Сначала оно появилось: синее, липкое, сморщенное и плюхнулось мне на руки. Потом оно орало по ночам, и чтобы его успокоить приходилось кататься на машине по пустым темным улицам малознакомого города. Затем оно стало ползать по дому, хватаясь за все, что попадалось на пути. Потом заговорило и начало приставать с назойливыми вопросами. Тут то и произошла эта история.
Даша игралась наверху в своей комнате. А я внизу смотрел телевизор. Вдруг слышу: “Папа, папа!”, - зовет меня. А тут, как раз, второй тайм начинается. Думаю - голос нормальный, не плачет, не кричит, опять небось медведя запеленала и мне показать хочет.

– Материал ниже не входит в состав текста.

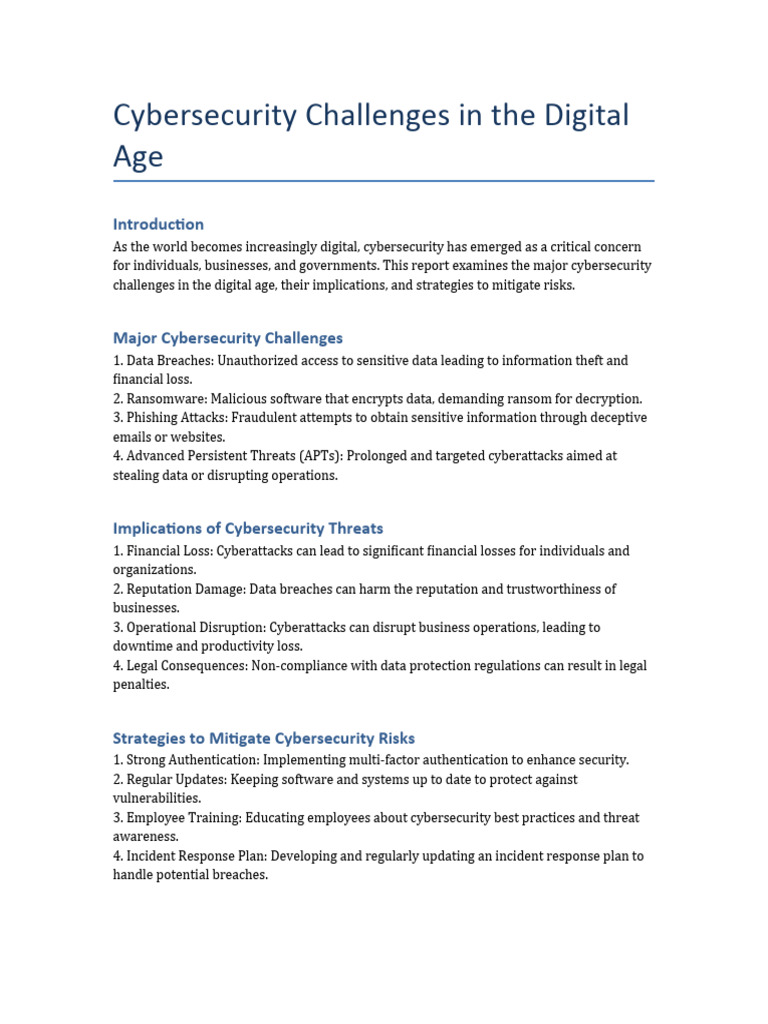 AI Strategies for Cybersecurity Challenges | PDF | Business | Finance ...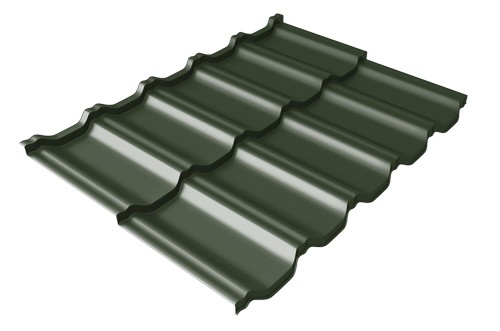 Металлочерепица модульная Квинта Uno Grand Line c 3D резом 0,5 GreenСoat Pural Matt RR 11 темно-зеленый (RAL 6020 хромовая зелень) купить в Петропавловск-Камчатском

Через две минуты снова - папа, да папа! Хотел пойти, а тут штрафной, причем почти по центру. Надо будет, еще позовет.
Не забили, игра вроде успокоилась. Я лег и накрылся пледом.
“Папа! Папа!”. Ну ешь - моешь! Из-под одеяла вылезать, мягко говоря, не хочется.
“Паа-па!”, - да что такое! Чего бабушка к ней не подойдет, она же там, тоже наверху.
“Мама! Мам, спроси чего ей надо!”. Слышу - пошла, разговаривают, все живы.
“Мам, ну что там у нее случилось?”.
“Ничего, все нормально, играется”.
Ну и слава Богу, - думаю и накрываю ноги подушками. Холодина, блин!
“Па-а-паа! Папоська!”. Нет, ты посмотри какой противный ребенок! - это была первая реакция. А вторая, уже мягче - А как нежно-то, ‘папоська’! А я лежу! Иду, доча моя, иду!
Что это? За что?!! За что удалили? Да это же был чистый подкат!
Валюсь в отчаянии на диван и, скрежеща зубами, смотрю как 11 уродов, с помощью продажного судьи, терзают мою обескровленную команду.
Все, матч закончен - 1:3. Телевизор выключен, в доме тихо, спокойно, все угомонились. Закрываю глаза, чтобы отдохнуть. Но какой там отдых - два гола на последних минутах! И на лестнице какой-то шорох. Шаги: топ-пауза-топ-вздох-топ-хмык-топ. Стихло. И вдруг плач: горький-горький, сердечный, детский!
“Папа, ты посему не плисол? Дася папоську звала-звала, а он не плисол!”. Навзрыд.
Конечно в охапку, конечно целовать, успокаивать, просить прощения. Но поздно.
С тех пор не сосчитать сколько раз будил меня ночью плач двухлетней Даши. Пяти-десяти-пятнадцатилетняя в это время, к счастью, мирно спала за стенкой. Но та, маленькая, до сих пор плачет. И чем дальше, тем чаще.